Former President Olusegun Obasanjo released his autobiography, My Watch, on Tuesday, December 9 at the Lagos Country Club, Ikeja.
He defied an Abuja High Court order obtained by a Peoples Democratic Party (PDP) chieftain, Buruji Kashamu, barring him from releasing the book. Rather than obey the order, Obasanjo wanted Justice Valentine Ashi sanctioned. The judge had ordered that the book launch be put on hold over claims by Kashamu that the three-volume series contained details of a libel case involving a drug trafficking allegation Obasanjo made against him, which is already before the court. Obasanjo’s excuse that the book had been published before the order was made is as ludicrous as it is bizarre.
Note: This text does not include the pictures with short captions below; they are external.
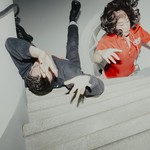 Experimental action shot of duo Xiu Xiu lying down on a set of stairs, with arms extended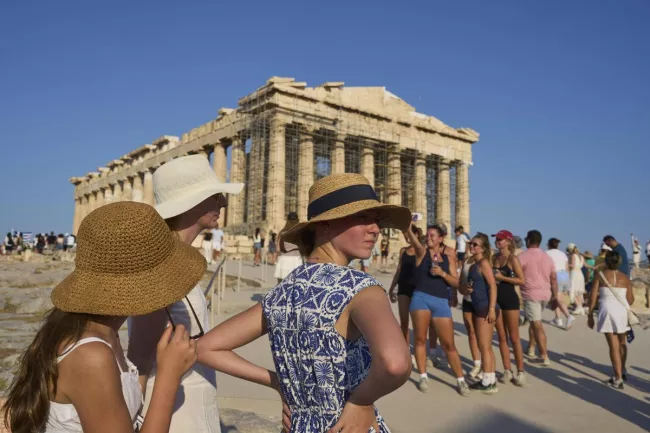Des touristes coiffés de chapeaux se tiennent devant le temple du Parthénon, sur la colline de l'Acropole, pendant une vague de chaleur à Athènes, le vendredi 25 juillet 2025. PETROS GIANNAKOURIS/AP/SIPA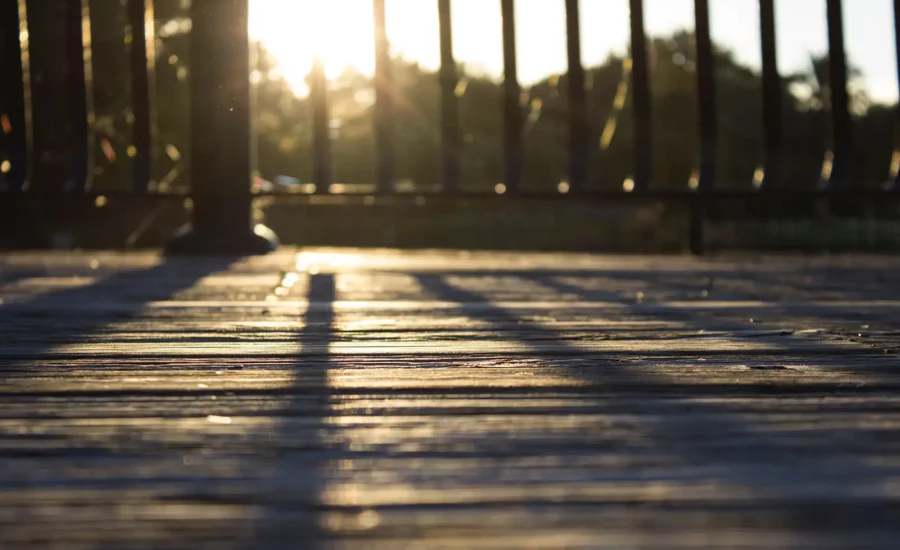 A weathered pressure treated wood deck with sunlight burst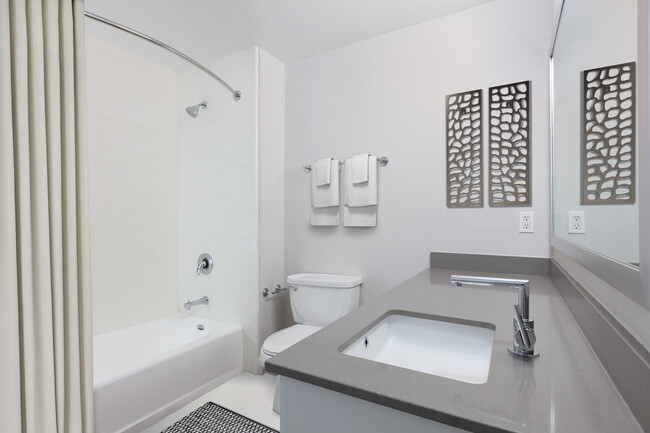 Renovated Phase I bath with quartz countertops and white cabinetry - Avalon at Mission Bay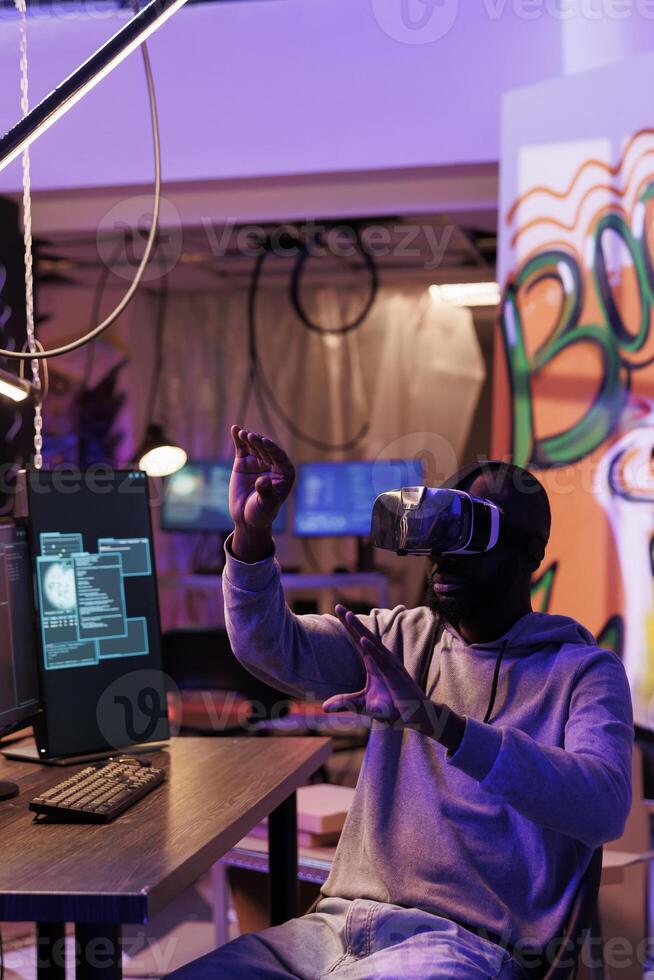 Hacker wearing vr helmet doing illegal activities and breaching online security systems in metaverse. African american man using virtual reality headset while cracking password photo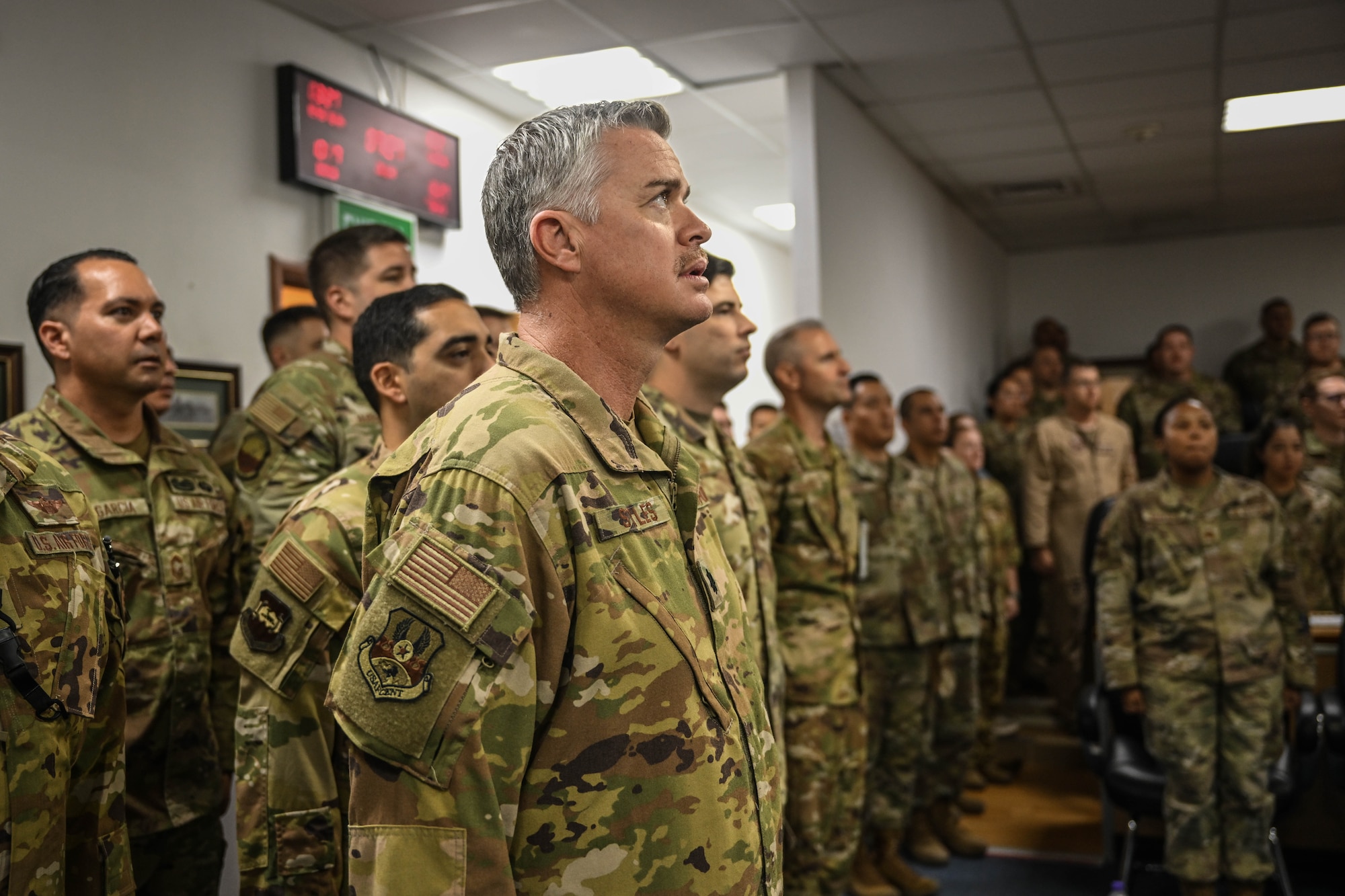 Airmen sing the Air Force song during a ceremony.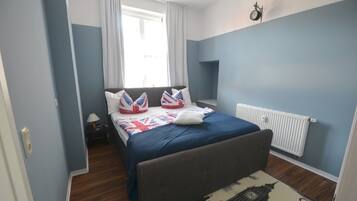 1 slaapkamer, een strijkplank/strijkijzer, internet, beddengoed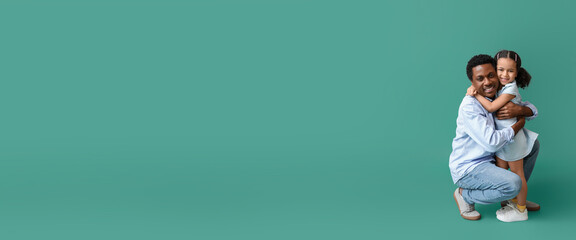 Portrait of little African-American girl hugging her father on green background with space for text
But that is quintessential Obasanjo, who has no respect for others, who revels in desecrating hallowed institutions. Holding him in contempt of court, Ashi on Wednesday, December 10 gave him 21 days to demonstrate why he should not be punished for publishing the book.
“The fact that the book was published in November is irrelevant. As long as the substantive suit is not yet determined, no party is entitled to publish or comment on material facts that are yet to be decided on by the court,” the judge said.
I have not read the book, but excerpts published on the internet show that it is essentially an ego trip. As a former president, his autobiography should be a historical document, based on issues and rooted in facts; but just as he did in My Command, his account of the civil war, he displayed a lack of generous spirit in My Watch.
He portrayed himself as the only saint in Nigeria. Nothing buttresses this more than what he wrote about the late President Umaru Yar’Adua, his successor. He accused Yar’Adua of persecuting former Economic and Financial Crimes Commission Chairman, Nuhu Ribadu, because of Ribadu’s refusal to marry his daughter and for his romance with a lady whom Taminu Kurfi, an official of the Yar’Adua administration, was dating.
“It was revealed, for instance,” Obasanjo claimed, “that Tanimu’s main reason for wanting to fight Nuhu to a standstill was the allegation that a woman he was interested in marrying was showing more interest in Nuhu! I understand that Tanimu, in the end, married the lady and I wondered if that would be the end of the war of attrition against Nuhu. This was about the same time that Umaru encouraged Nuhu to marry one of his daughters, an idea which Nuhu spurned. Could that have been partly responsible for Umaru’s fury?”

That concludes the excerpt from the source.